Figure 7: This trio of Ebeetech adapters (left to right) passes audio over USB-C to a 3.5 mm headphone jack, adapts a USB-C jack into a Type-A jack, and passes USB Type-A through a USB-C port.
Figure 7: This trio of Ebeetech adapters (left to right) passes audio over USB-C to a 3.5 mm headphone jack, adapts a USB-C jack into a Type-A jack, and passes USB Type-A through a USB-C port.

An adapter almost always includes a microchip (sometimes two) that performs one-way or two-way conversion. The same is true for a cable with dissimilar ends, like a USB-C to DisplayPort cable, which is an adapter in cable’s clothing.
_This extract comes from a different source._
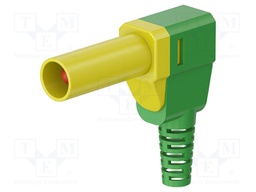 Connector: 4mm banana; plug; 32A; 500V; yellow-green; insulated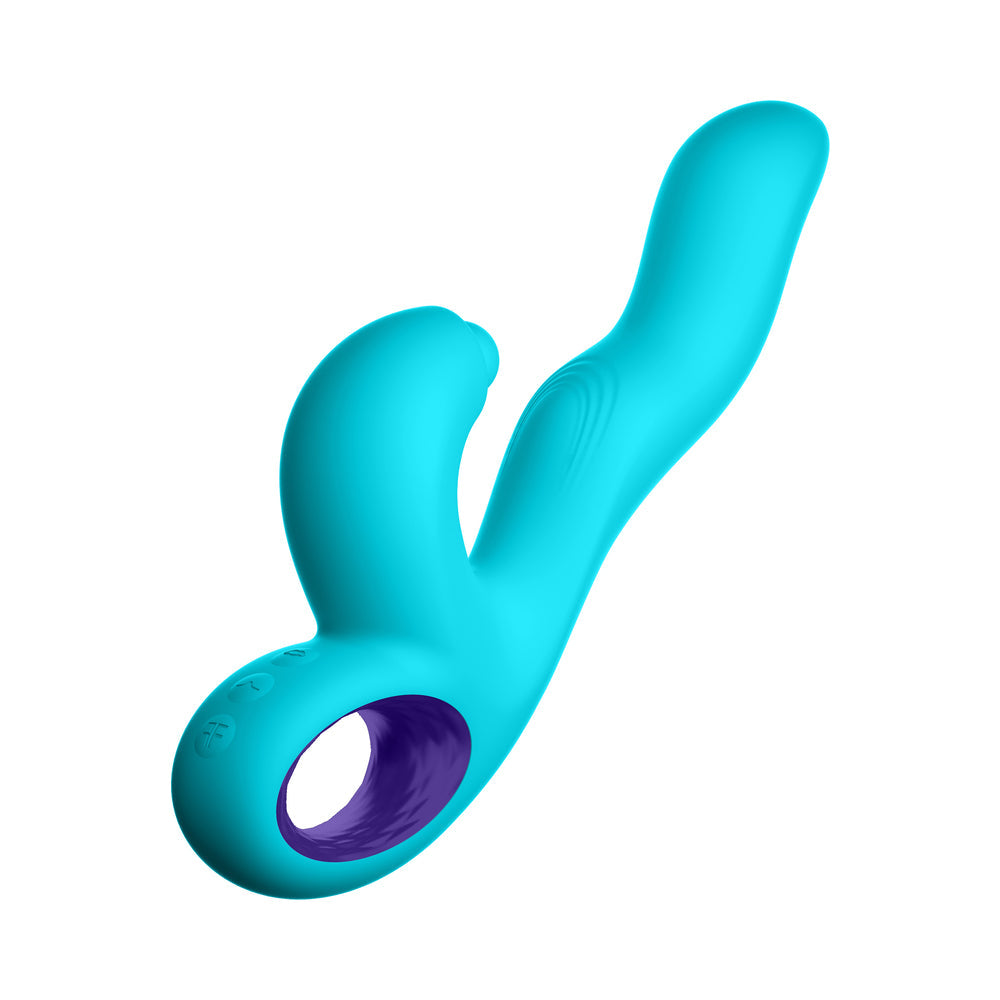 FemmeFunn Klio Rechargeable Silicone Triple Action Thumping Rabbit Vibrator Turquoise - Fantasies Boutique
You can find adapters that go much further than simple conversion, too. The most common example is the DisplayLink standard, built into adapters and docks, which allows video signals to be encapsulated over USB 3.0. DisplayLink’s creator, Synaptics, licenses this technology to third parties, who build it into all sorts of products. A DisplayLink software driver for macOS, Windows, and other platforms makes the adapter appear to be a standard video port which can pass DisplayPort or HDMI data to an external display.